The S&P 500 has become an increasingly popular index for Israeli institutions, especially as domestic returns have been lower than the US benchmarks over the past number of years. An increasing number of Israeli institutions have been attracted by the relative security and growth potential in the US market, with increased exposure to dollar-denominated assets, causing them to move a percentage of their assets away from shekel denominated investments.
With the caveat, as always, that historical returns are not a guarantee of future performance, the S&P 500 is generally viewed as a good long-term, stable, investment index. However, its unbalanced weighting towards the tech sector also lays it open to disproportionate impact should that sector be adversely affected. Any investment in an index such as the S&P 500 needs to be assessed within the framework of your entire portfolio, to make sure that you are sufficiently diversified and not too exposed to foreign currencies in your portfolio. It’s also difficult to know exactly how much your Israeli ‘forced’ savings of pension plans, kupat gemel, keren hishtalmut etc are already invested in the S&P 500, unless you are invested directly in a 100% index tracking fund. Unquestionably most local investment houses have moved more money abroad into foreign stock exposure, so your exposure could be larger than you really believe. Never underestimate the possible impact of currency fluctuations on your portfolio, so consider an S&P fund that is hedged into Israeli NIS to avoid those fluctuations (although there is a cost for that hedge with higher management fees).

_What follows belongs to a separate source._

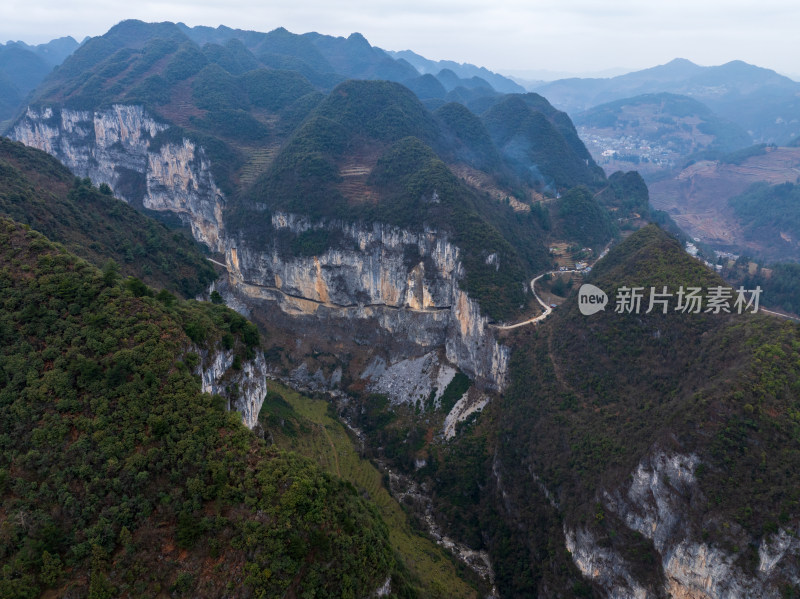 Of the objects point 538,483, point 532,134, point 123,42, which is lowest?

As with all elements of your investment portfolio, ensure that your portfolio is structured in keeping with your short-, medium- and long-term goals. Stock investing, even in a diversified index like the S&P, is most effective if your investment horizon is long term (eg. 5-10 years) at least and needs to be balanced with exposure to the local market and currency. If you don’t feel qualified, or don’t have the time to assess your portfolio, consult a professional for guidance.
With continued prayers for the safe return of all of our hostages, the safety of our soldiers in all their missions, and the security of our nation.